MLOps
Machine learning is the high-interest credit card of technical debt.
MLOps is all about the standardization of machine learning development.
MLOps is a process that helps organizations generate long-term value and reduce risk associated with data science, machine learning, and AI initiatives.
MLOps process can be enforced by a platform, shared guidelines, or both.
MLOps Process Requirements
Must-haves:
- Keep track of versioning, especially early experiments
- Assess if new models are better than the previous versions
- Facilitate promoting better-performing models to production
- Ensure that model production performance is not degrading over time
- Machine learning risk management
Collaboration
AI efforts need to be collaborative. But not everyone speaks the same language.
Machine learning life cycle involves people from business, data science, software development, operations, legal, problem domain experts, etc.
These groups are not used to the same tools or, in many cases, don't share the same fundamental skills to serve as a baseline of communication.
Data scientists are not software engineers. Most are specialized in model building and assessment, and they are not necessarily experts in writing applications or even in the subject-matter they are working with.
There is certainly overlap between the roles, but the skill sets are not identical.
Upper management should be able to understand what machine learning models are deployed in production and what effect they're having on the business. This is critical for business leaders to make informed decisions.
Arguably, they should also be able to drill down to understand the steps taken to go from raw data to final output behind those machine learning models.
Common Terms
Explainability: With deep learning, it is much harder to understand what features are used to determine a prediction, which in turn can make it much harder to demonstrate that models comply with the necessary regulatory or internal governance requirements.

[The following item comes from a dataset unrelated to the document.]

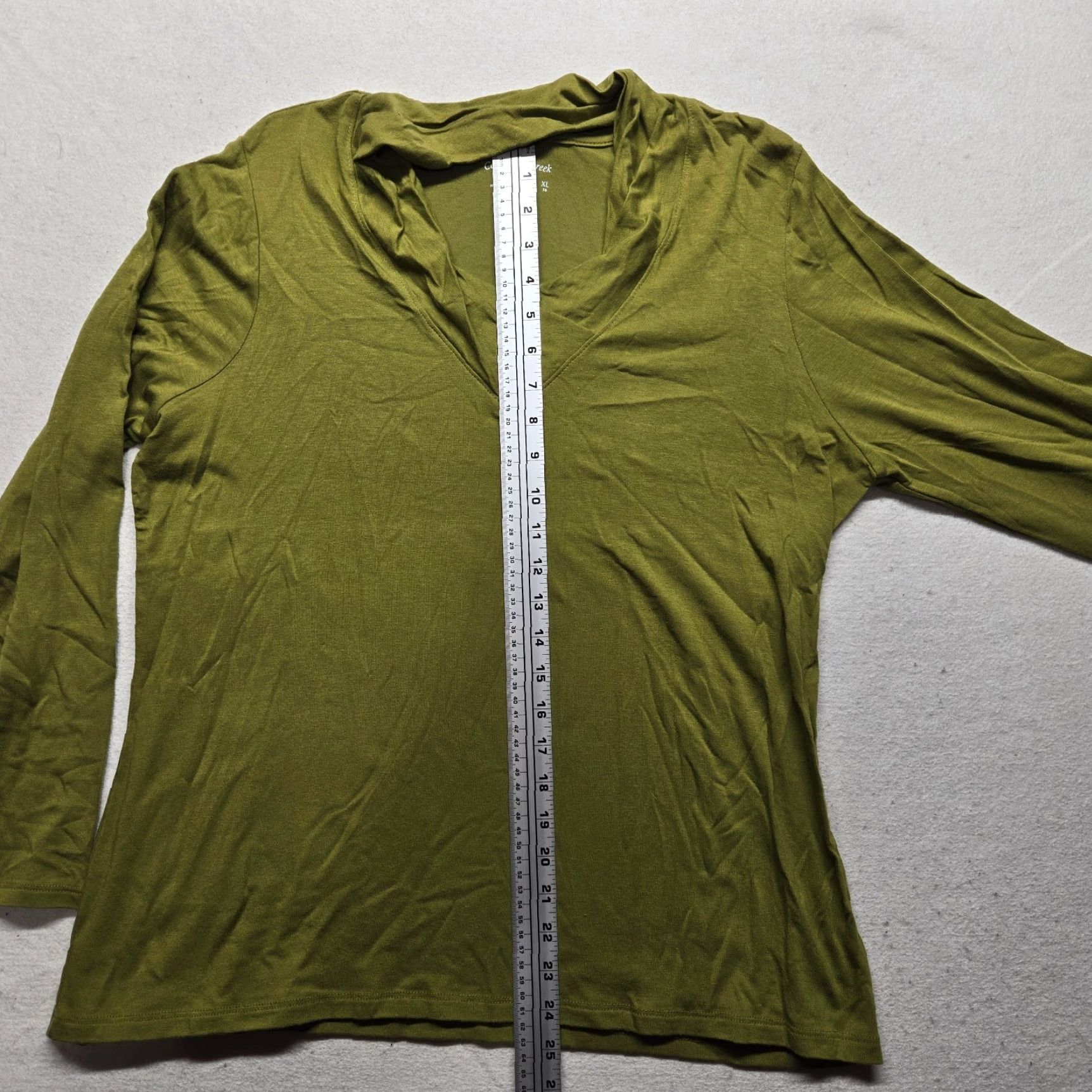 Coldwater Creek Coldwater Creek Shirt Solid Green Long Sleeve V-Neck Lightweight Pullover XL Women’s Size XL / US 12-14 / IT 48-50 - 5 Thumbnail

Neural network decision-making is unexplainable by default and requires additional techniques to make it explainable if that is a hard requirement.
Intentionality includes:
- Ensure that models behave in ways aligned with their purpose
- Assurance that data comes from compliant and unbiased sources
- A collaborative approach to AI projects that ensures multiple checks and balances on potential model bias
- Explainability, meaning the results of the systems should be explainable by humans (ideally, not just the humans who created the system)
Accountability includes:
- Having an overall view of which teams are using what data, how, and in which models
- Trust that data is reliable and being collected in accordance with regulations
- A centralized understanding of which models are used for what business processes
This is closely tied to traceability: if something goes wrong, is it easy to find where in the pipeline it happened?
Machine Learning Pipeline in a Nutshell
The process of developing a machine learning model should start with a business goal.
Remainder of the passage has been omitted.